Yesterday, my Greyhound did something strange during our morning walk: he made a weird, cough-like sound, stretched his throat, and seemed to be suffocating or having some kind of seizure. It only lasted very briefly, so I relaxed. However, just before going to bed last night, the same thing happened again – this time, several times in a row:
I had never seen a dog do anything like this before. It was clear that he wasn’t choking on anything, since he hadn’t had anything to eat that he could possibly have choked on. I was scared my dog might be suffocating, or having a seizure! Or had he caught some strange respiratory illness from the Slovakian foster dog that had been staying with us over the weekend?
After some late night research and with the help of the retired racing Greyhound community, I learned that there was no need to worry: Fanta was doing something that wasn’t uncommon among Greyhounds (and other dogs): he was reverse sneezing!

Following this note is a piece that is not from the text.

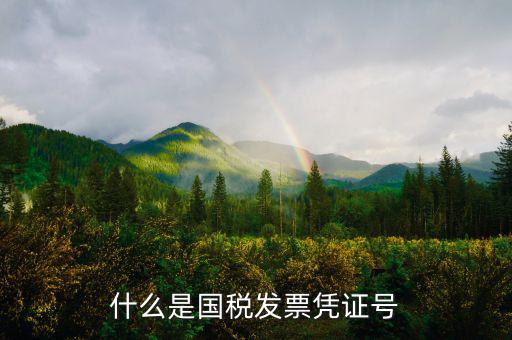 國稅辦稅號是什么，什么是國稅發(fā)票憑證號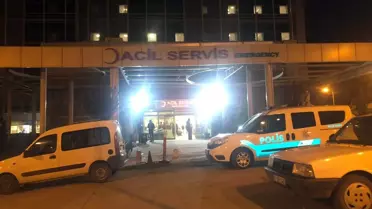 Şanlıurfa'da Aracın Çarptığı Çoban Öldü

The reverse sneeze, or mechanosensitive aspiration reflex, inspiratory paroxysmal respiration, or pharyngeal gag reflex, is not uncommon in dogs, and many Greyhounds show it frequently. It is no more dangerous or uncomfortable than a regular sneeze. The difference is that in a reverse sneeze, the air is quickly and noisily pulled in through (rather than out of) the nose. This is due to an irritation of the the throat, pharynx, or laryngeal area, which in turn causes a spasm of the throat and soft palate. The irritation can be triggered by pollen, a draft of air, a certain smell, excitement, pulling on leash, a change in temperature … Just as with a regular sneeze, it’s not always possible to determine its cause, and as long as it passes quickly and the dog behaves as if nothing ever happened, there is no need to worry.